[Records drawn from a dataset]
--- --- ---
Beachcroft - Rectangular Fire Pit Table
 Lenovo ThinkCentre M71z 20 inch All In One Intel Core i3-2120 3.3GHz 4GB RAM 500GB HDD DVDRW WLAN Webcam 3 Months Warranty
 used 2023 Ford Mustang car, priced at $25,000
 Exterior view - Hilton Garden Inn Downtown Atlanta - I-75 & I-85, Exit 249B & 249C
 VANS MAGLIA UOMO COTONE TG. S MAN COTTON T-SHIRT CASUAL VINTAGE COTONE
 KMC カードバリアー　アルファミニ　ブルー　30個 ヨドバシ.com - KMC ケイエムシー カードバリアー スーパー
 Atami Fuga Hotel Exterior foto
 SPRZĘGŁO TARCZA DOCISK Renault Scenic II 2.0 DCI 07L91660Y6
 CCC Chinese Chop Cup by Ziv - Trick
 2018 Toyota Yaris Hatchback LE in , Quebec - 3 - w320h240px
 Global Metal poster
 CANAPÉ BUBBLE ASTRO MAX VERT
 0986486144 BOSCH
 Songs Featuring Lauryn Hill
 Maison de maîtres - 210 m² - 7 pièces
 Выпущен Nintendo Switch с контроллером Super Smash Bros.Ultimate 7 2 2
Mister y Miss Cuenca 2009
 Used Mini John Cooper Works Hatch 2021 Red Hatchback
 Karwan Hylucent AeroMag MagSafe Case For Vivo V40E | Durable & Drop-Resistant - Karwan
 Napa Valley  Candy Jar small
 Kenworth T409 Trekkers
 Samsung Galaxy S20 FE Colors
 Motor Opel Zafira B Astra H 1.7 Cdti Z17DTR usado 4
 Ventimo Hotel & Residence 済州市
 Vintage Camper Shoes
--- --- ---
__TASK DIRECTIONS__: Every entry must be duplicated exactly as it stands.

__RESULT OF THIS TASK__:
Beachcroft - Rectangular Fire Pit Table
 Lenovo ThinkCentre M71z 20 inch All In One Intel Core i3-2120 3.3GHz 4GB RAM 500GB HDD DVDRW WLAN Webcam 3 Months Warranty
 used 2023 Ford Mustang car, priced at $25,000
 Exterior view - Hilton Garden Inn Downtown Atlanta - I-75 & I-85, Exit 249B & 249C
 VANS MAGLIA UOMO COTONE TG. S MAN COTTON T-SHIRT CASUAL VINTAGE COTONE
 KMC カードバリアー　アルファミニ　ブルー　30個 ヨドバシ.com - KMC ケイエムシー カードバリアー スーパー
 Atami Fuga Hotel Exterior foto
 SPRZĘGŁO TARCZA DOCISK Renault Scenic II 2.0 DCI 07L91660Y6
 CCC Chinese Chop Cup by Ziv - Trick
 2018 Toyota Yaris Hatchback LE in , Quebec - 3 - w320h240px
 Global Metal poster
 CANAPÉ BUBBLE ASTRO MAX VERT
 0986486144 BOSCH
 Songs Featuring Lauryn Hill
 Maison de maîtres - 210 m² - 7 pièces
 Выпущен Nintendo Switch с контроллером Super Smash Bros.Ultimate 7 2 2
Mister y Miss Cuenca 2009
 Used Mini John Cooper Works Hatch 2021 Red Hatchback
 Karwan Hylucent AeroMag MagSafe Case For Vivo V40E | Durable & Drop-Resistant - Karwan
 Napa Valley  Candy Jar small
 Kenworth T409 Trekkers
 Samsung Galaxy S20 FE Colors
 Motor Opel Zafira B Astra H 1.7 Cdti Z17DTR usado 4
 Ventimo Hotel & Residence 済州市
 Vintage Camper Shoes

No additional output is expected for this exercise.